Overexpression of SRP-35 and atRA increase AktS473 phosphorylation
Activation of Akt is due to phosphorylation of Thr308 and Ser473 by phosphinositide-dependent protein kinase 1 (PDK1) and mTORC2, respectively31,33,38. Overexpression of SRP-35 in skeletal muscle selectively increases the phosphorylation of the mTORC2-dependent Akt phosphorylation site AktS473 and this occurred both in isolated EDL and soleus muscles from SRP35TG in the presence and absence of insulin. This implies that: (i) chronic over-expression of SRP35 in skeletal muscle increases the basal AktS473 phosphorylation level, and (ii) the atRA generated by the irreversible oxidation all-trans-retinaldehyde, acts as a co-activator of the insulin signaling pathway leading to AktS473 phosphorylation. This conclusion is also supported by a separate set of data showing that atRA mimics the effect of SRP-35 overexpression. Indeed, treatment of EDL muscles from WT mice with pharmacological concentrations of atRA enhanced insulin-induced AktS473 phosphorylation levels. At variance with what was observed in EDL muscles isolated from SRP35TG mice however, incubation of EDL from WT mice with atRA in the absence of insulin did not result in AktS473 phosphorylation. Our results differ from those showing that in a variety of cells types including A549, F9 and HL-60 cells, atRA alone is able to induce Akt phosphorylation39–41. These apparent discrepancies may be due to: (i) different experimental models, cofactors and proteins present in the cell culture medium;42 (ii) the lack in the EDL from WT mice of the adaptive changes induced by SRP-35 over-expression leading to an alteration of the atRA level within a subdomain of the muscle fibre. Nevertheless the present study demonstrates that atRA plays a newly identified role in the modulation of cellular functions downstream AktS473 phosphorylation, including glucose metabolism.
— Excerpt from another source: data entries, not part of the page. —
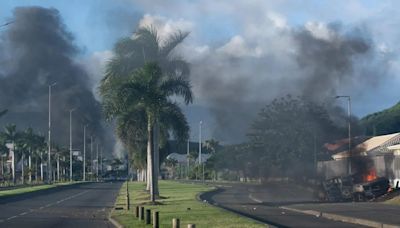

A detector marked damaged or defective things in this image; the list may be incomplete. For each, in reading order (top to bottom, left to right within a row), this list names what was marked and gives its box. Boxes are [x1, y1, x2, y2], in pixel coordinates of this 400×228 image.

burnt vehicle [322, 176, 390, 201] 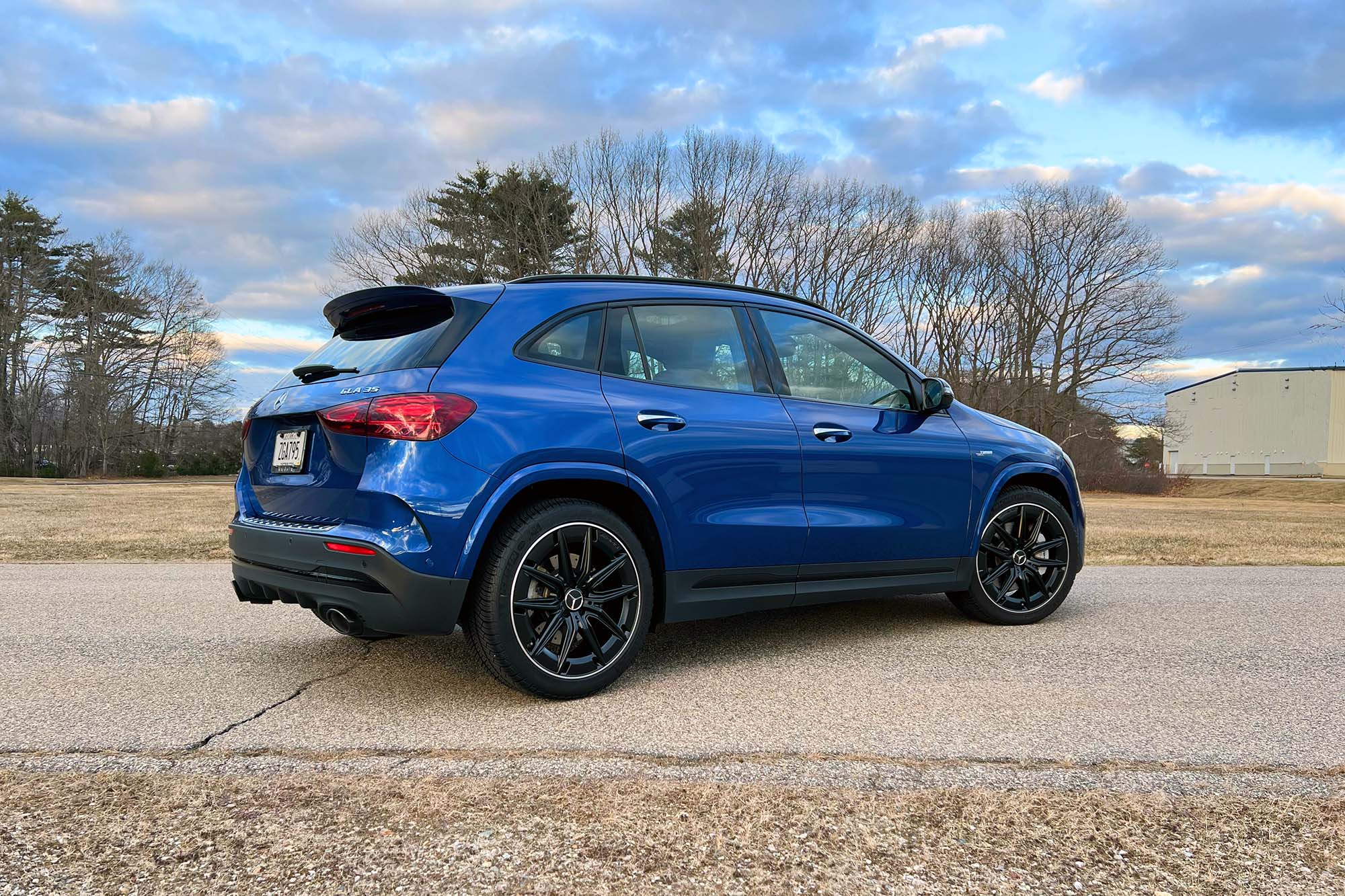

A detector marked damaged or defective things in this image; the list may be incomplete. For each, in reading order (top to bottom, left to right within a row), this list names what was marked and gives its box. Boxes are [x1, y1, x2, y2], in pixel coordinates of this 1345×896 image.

crack in pavement [184, 637, 374, 747] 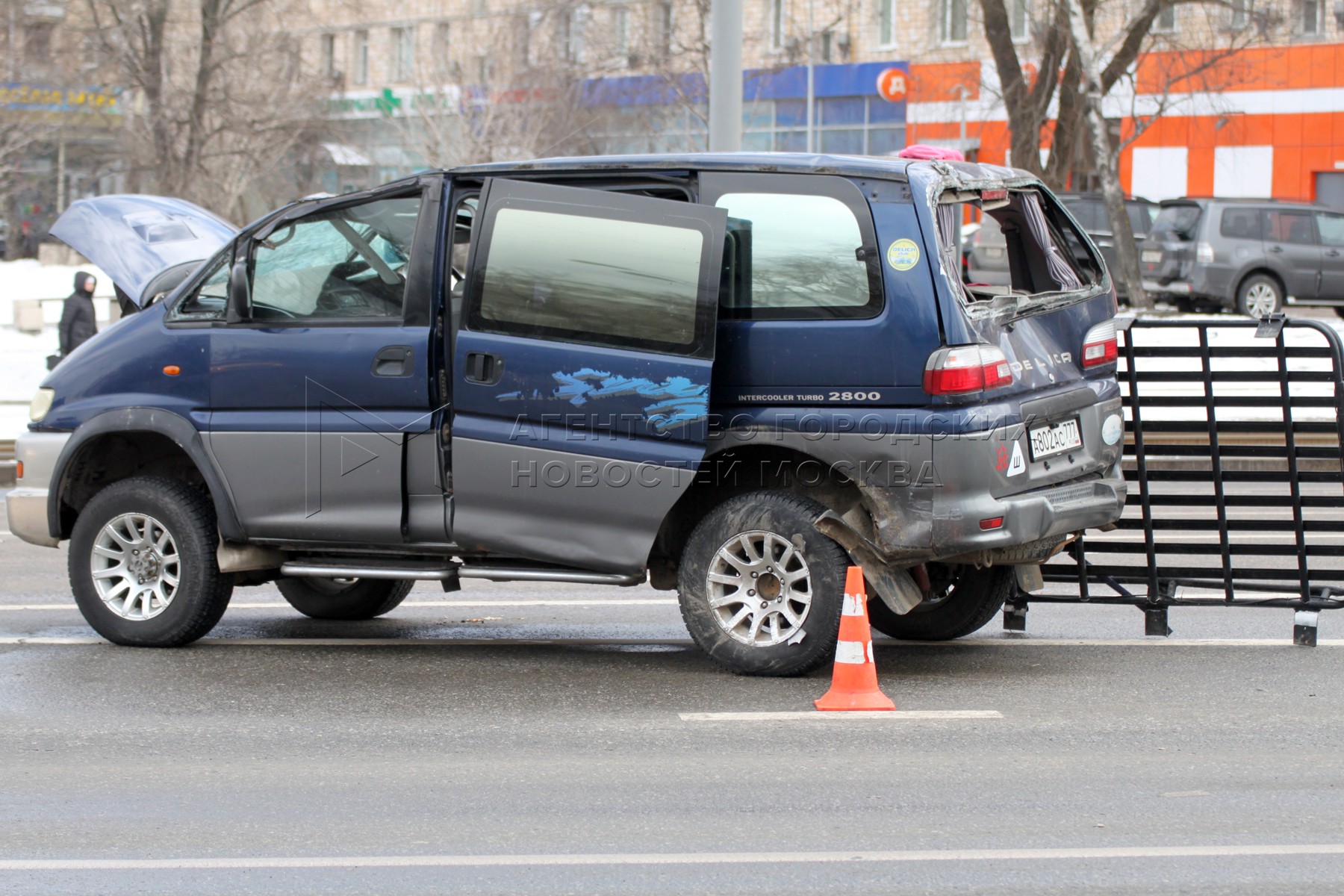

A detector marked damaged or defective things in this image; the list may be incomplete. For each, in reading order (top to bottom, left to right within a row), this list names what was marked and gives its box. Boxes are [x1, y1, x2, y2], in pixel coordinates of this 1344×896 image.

damaged blue minivan [7, 155, 1123, 671]
detached van door [451, 180, 726, 575]
shattered rear window [941, 187, 1107, 317]
bent metal barrier [1010, 315, 1344, 644]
SRP-35 and atRA activate mTORC2 signaling
Under physiological conditions mTORC2 is the major kinase responsible for the phosphorylation of AktS47331. In the presence of DNA damage Akt can also be phosphorylated at Ser473 by DNA-dependent protein kinase (DNA-PK)43. Skeletal muscle fibres from SRP35TG mice do not show evidence of nuclear damage (not shown) and thus we exclude the possibility that AktS473 phosphorylation is mediated by DNA-PK. In fact our results on RImKO mice strongly support the participation of mTORC2 in the SRP-35/atRA signaling pathway. In the present study we show that atRA is unable to reverse the inhibitory effect of Rictor ablation on the phosphorylation levels of AktS47 in insulin stimulated skeletal muscles34. This result provides unambiguous evidence that mTORC2 activation is a key component of SRP-35/atRA signaling.
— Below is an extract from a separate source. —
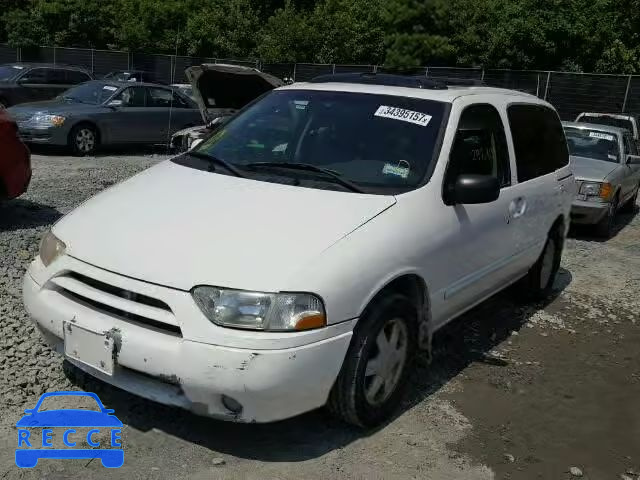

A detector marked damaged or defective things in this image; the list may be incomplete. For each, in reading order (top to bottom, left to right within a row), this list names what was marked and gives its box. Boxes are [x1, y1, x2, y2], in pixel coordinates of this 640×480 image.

cracked bumper [22, 260, 356, 422] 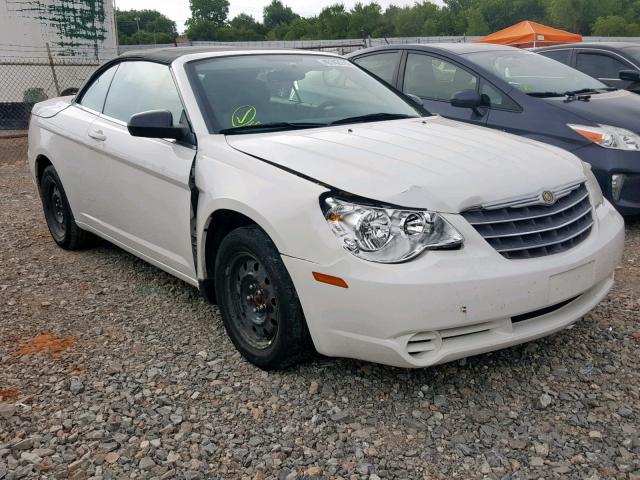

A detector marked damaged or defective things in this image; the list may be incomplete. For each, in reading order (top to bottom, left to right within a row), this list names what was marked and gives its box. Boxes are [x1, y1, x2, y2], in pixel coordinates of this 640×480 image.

hood crease dent [226, 116, 584, 212]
atRA: an enhancer of insulin signaling
atRA acts as an enhancer of insulin signaling since it enhances AktS473 phosphorylation beyond that caused by the activation of the insulin receptor. The latter is coupled to the stimulation of PI3K activity which in turn leads to an increase of PIP3 on the plasma membrane, a crucial step for the recruitment of Akt onto the plasma membrane where it is phosphorylated by PDK1 and mTORC2. Akt phosphorylation mediates the metabolic effects of insulin, leading to the translocation of GLUT4 onto the plasma membrane and stimulating glucose uptake. Both atRA and SRP-35 over-expression synergize with insulin on the insulin dependent AktS473 phosphorylation. The RA resulting from the oxidation of all-trans-retinaldehyde, the precursor of retinoic acid generated by the up-regulation of the SRP-35 dehydrogenase activity could synergize with insulin at different steps of the insulin signaling pathway. The data presented in this study provides insight as to one such possible mechanism. In particular, we found that: (i) skeletal muscles from SRP35TG mice have a 14 fold increase of the PIP3 content and (ii) manipulation of the myoplasmic concentration of atRA with a low Vitamin A diet affects the PIP3 content of skeletal muscle. Previous work has shown that inhibitors of RAR nuclear receptors down-regulate PI3K activity, the enzyme responsible for the synthesis of PIP321. On the basis of these data and on our own results demonstrating that the AktS473 phosphorylation is prevented by RARα and RARγ inhibitors, we believe that the increase of PIP3 content in skeletal muscle from SRP35TG results from a non-genomic effect of atRA on PI3K activity21,44. Accumulation of PIP3 in skeletal muscle membranes results in the recruitment and activation of mTORC2 kinase leading to the phosphorylation of AktS473.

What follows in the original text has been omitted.